“I’ve only attended the temple a handful of times in the years since. Thankfully, my husband is also not a gung-ho temple goer. He understands me, and that makes all the difference. I wouldn’t trade marrying him for anything, but sometimes I wish we could have skipped the temple endowment part and just married quietly somewhere. I love the doctrine of eternal families, and the thought of being with my husband after death — but at the same time, I can’t imagine a loving God, like the God we preach about in church, splitting up loving couples and families just because they weren’t married in His temple. That makes no sense to me. I refuse to believe that they won’t know each other after death and will be punished like that.” – Read More Here
I read this article and remembered echoing this same sentiment. In fact, I sought to find some kind of back up in the Bible for having the necessity of a temple and came across this scripture in John 2:18-21:
Then the Jewish leaders asked him, “By what authority are you doing these things? What miraculous sign will you show us?” Jesus answered, “Destroy this temple and in three days I’ll raise it up.” The Jewish leaders replied, “It took forty-six years to build this temple, and you will raise it up in three days?” But the temple Jesus was talking about was his body. (emphasis mine)
In the Old Testament, temples were tents to massive structures. But Jesus was the final temple. He was the final lamb for the sacrifice. New Testament started a new covenant through the risen Jesus. According to here, the Mormons believe that temples help us come to Christ.

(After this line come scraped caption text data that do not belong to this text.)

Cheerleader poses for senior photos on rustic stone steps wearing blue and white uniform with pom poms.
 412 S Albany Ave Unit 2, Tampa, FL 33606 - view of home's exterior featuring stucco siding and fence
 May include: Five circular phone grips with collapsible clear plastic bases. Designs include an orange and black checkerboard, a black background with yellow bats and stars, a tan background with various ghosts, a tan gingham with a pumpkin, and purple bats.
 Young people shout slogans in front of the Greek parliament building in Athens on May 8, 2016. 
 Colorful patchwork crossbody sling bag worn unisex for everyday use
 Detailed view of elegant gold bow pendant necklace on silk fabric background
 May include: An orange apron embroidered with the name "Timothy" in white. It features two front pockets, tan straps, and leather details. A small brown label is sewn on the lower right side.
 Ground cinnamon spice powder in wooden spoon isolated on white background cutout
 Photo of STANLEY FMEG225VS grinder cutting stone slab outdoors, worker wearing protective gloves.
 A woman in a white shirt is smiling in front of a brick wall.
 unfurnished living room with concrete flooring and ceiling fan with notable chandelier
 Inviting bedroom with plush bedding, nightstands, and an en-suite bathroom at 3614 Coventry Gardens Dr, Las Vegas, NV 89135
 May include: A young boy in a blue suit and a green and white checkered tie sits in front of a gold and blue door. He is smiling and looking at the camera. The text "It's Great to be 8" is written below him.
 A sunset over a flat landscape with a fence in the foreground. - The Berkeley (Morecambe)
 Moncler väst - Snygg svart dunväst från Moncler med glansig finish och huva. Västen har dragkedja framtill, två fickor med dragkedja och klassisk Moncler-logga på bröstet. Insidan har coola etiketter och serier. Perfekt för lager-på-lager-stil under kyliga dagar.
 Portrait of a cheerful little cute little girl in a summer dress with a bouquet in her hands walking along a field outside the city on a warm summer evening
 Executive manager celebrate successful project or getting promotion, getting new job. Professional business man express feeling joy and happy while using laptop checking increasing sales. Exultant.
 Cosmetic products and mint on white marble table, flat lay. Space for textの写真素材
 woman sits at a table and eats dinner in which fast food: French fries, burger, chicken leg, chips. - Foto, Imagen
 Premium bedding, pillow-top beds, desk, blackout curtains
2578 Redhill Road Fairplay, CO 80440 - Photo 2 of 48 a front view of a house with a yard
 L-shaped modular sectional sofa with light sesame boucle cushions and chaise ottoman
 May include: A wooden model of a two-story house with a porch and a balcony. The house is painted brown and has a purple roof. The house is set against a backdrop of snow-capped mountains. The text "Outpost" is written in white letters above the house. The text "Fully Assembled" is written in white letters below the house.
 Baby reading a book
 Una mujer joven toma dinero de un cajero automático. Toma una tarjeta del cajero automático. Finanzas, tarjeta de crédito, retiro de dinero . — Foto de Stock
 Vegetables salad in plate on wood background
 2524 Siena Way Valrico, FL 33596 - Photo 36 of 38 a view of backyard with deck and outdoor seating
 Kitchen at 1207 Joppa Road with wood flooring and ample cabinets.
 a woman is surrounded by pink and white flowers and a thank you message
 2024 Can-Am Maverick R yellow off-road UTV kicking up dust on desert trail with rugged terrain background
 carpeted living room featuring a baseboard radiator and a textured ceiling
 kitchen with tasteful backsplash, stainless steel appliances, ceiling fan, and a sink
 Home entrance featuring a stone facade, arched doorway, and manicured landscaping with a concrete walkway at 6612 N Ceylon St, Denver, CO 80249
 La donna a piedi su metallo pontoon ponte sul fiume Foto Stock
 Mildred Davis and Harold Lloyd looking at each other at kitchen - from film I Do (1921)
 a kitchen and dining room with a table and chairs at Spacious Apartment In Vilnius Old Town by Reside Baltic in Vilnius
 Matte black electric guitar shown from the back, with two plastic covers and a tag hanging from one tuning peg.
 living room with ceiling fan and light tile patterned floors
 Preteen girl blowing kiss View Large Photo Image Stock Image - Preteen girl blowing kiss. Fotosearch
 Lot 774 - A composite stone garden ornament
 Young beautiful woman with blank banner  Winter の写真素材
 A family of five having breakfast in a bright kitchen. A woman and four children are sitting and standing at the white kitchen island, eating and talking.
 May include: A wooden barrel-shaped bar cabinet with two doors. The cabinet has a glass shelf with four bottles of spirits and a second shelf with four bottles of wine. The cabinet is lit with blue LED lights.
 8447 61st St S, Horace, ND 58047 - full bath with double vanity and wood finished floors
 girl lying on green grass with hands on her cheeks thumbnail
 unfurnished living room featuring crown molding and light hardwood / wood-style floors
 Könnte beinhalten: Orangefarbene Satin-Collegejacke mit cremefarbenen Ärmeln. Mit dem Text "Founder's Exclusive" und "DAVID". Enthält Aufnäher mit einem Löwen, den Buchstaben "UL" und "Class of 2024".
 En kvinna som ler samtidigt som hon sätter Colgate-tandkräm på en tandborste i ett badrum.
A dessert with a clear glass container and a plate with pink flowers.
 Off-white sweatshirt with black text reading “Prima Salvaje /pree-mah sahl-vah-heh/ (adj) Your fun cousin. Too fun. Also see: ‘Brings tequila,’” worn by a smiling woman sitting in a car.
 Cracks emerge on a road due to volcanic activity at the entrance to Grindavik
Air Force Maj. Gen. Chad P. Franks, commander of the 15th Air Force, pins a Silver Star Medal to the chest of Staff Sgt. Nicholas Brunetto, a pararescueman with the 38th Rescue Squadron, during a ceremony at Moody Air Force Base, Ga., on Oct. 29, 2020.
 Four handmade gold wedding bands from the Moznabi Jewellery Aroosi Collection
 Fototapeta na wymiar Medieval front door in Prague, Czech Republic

Temples are about as necessary as a priest to hear our confessions. Jesus is our confessor and our temple. No man-made structure is needed and no human confessor is needed as Jesus invites us to come to Him personally anywhere. But do you know what kinds of things happen in a temple?
A book came out in 1994 thereabouts called, Secret Ceremonies by Deborah Lake. It revealed the pagan rituals like secret handshakes, passwords, etc. I also know someone who was married in the temple. I asked her if this book was true. All she could do was nod. I found another article on the temple marriage here:
But after Joseph Smith’s death, Brigham Young changed the rules, and it’s still unclear by what authority he did so. Brigham Young admitted to not being a prophet (JD 5:77), and no one in the church during his lifetime referred to him as “the Prophet.” He was the president. (In other words, Joseph Smith was for a public ceremony, but Brigham Young was not)
But if you read the Bible, that could change your mind. Read it in context. Compare it to the Book of Mormon. Beth Moore has many Bible study books that go deep into scripture to guide your journey. Find a pastor at a Christian church to ask your questions. You don’t need to be a Christian to attend a church. Come with your questions!
Friend, God wants you to come home. Leaving the Mormon church doesn’t mean leaving behind family values. You can still have family values. You can still enjoy a close church family. I can’t promise that your blood family won’t present a problem when you try to leave the church. That’s why you need a good support group to help you maintain good family relationships.
I’ll be praying for you to know the truth.
Meanwhile, I need to get ready for church. This blogging thing is so addicting. I hope I will hear from you.